─── Data provided ───
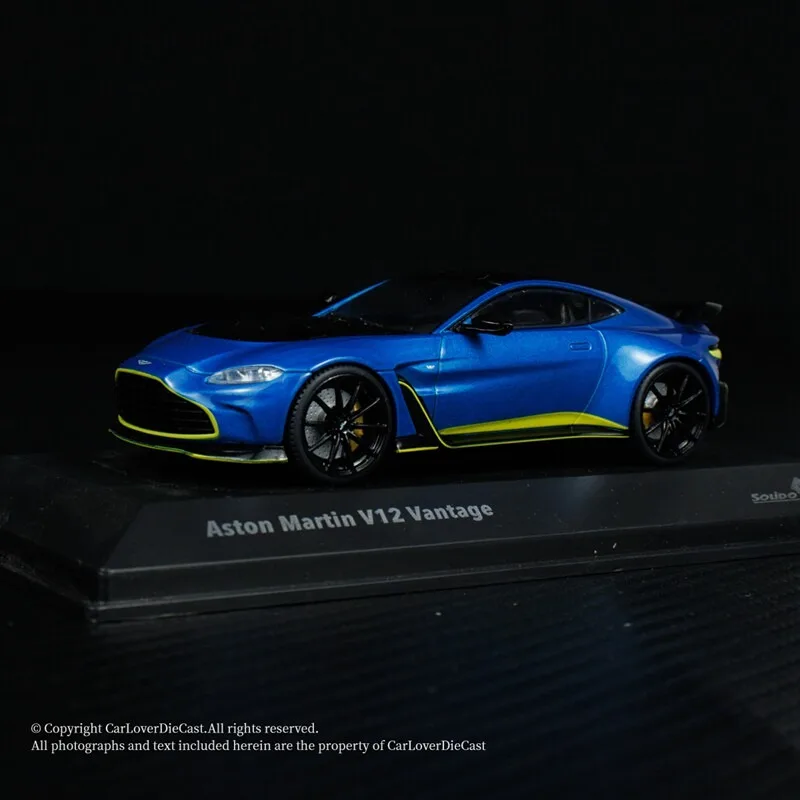 Diecast Solido 1:43 Scale Aston Martin Vantage V12 Alloy Car Model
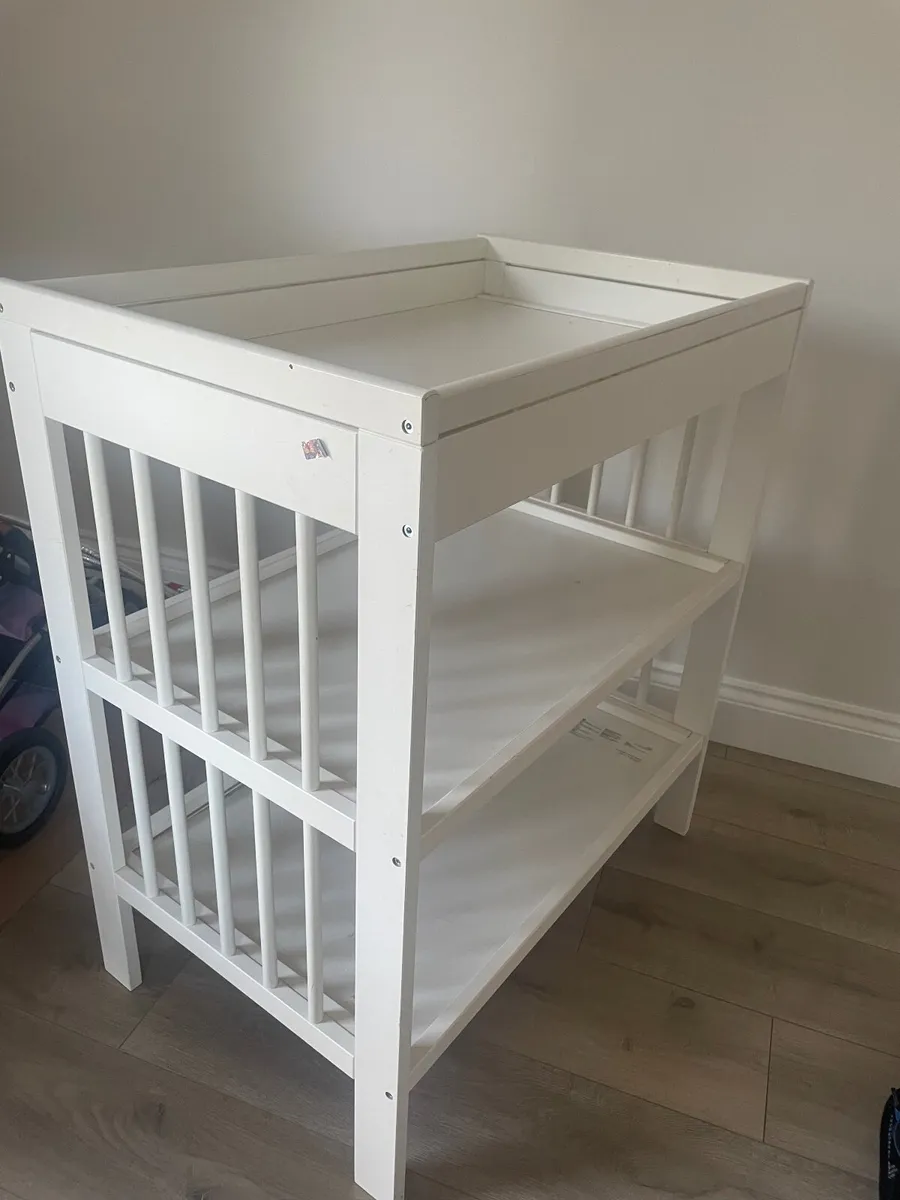 IKEA changing table - Image 1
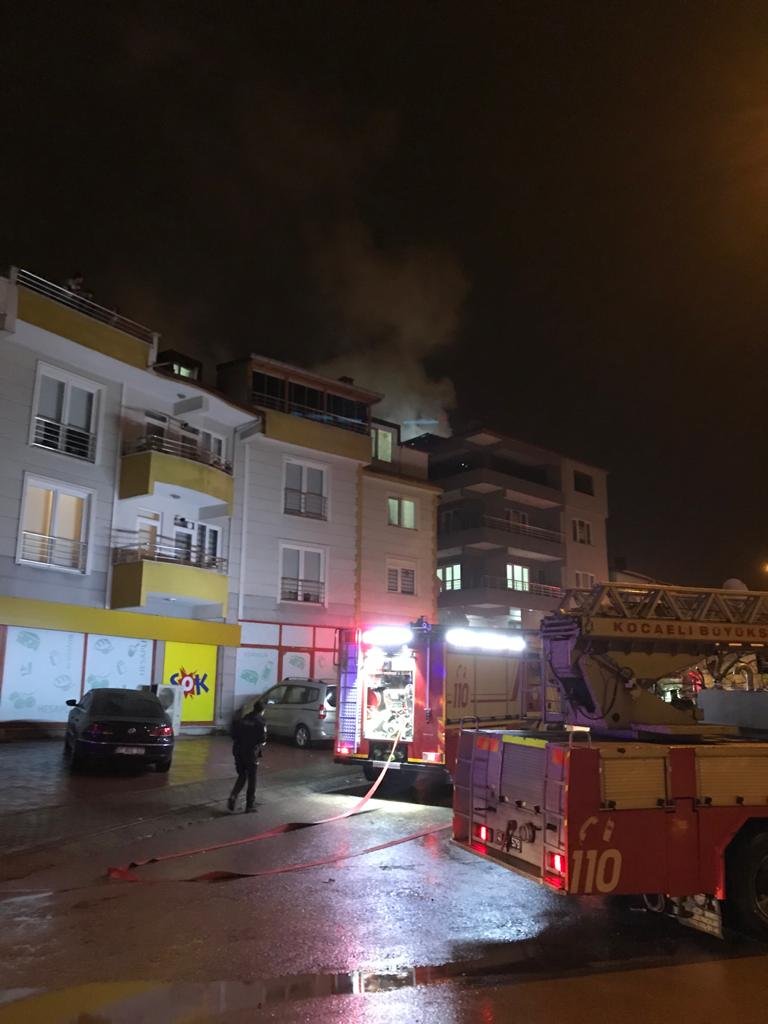 5 katlı binanın çatısı alev alev yandı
───
[Problem description]
Omit every picture while printing the data word for word.

[Answer to this problem]
 Diecast Solido 1:43 Scale Aston Martin Vantage V12 Alloy Car Model
 IKEA changing table - Image 1
 5 katlı binanın çatısı alev alev yandı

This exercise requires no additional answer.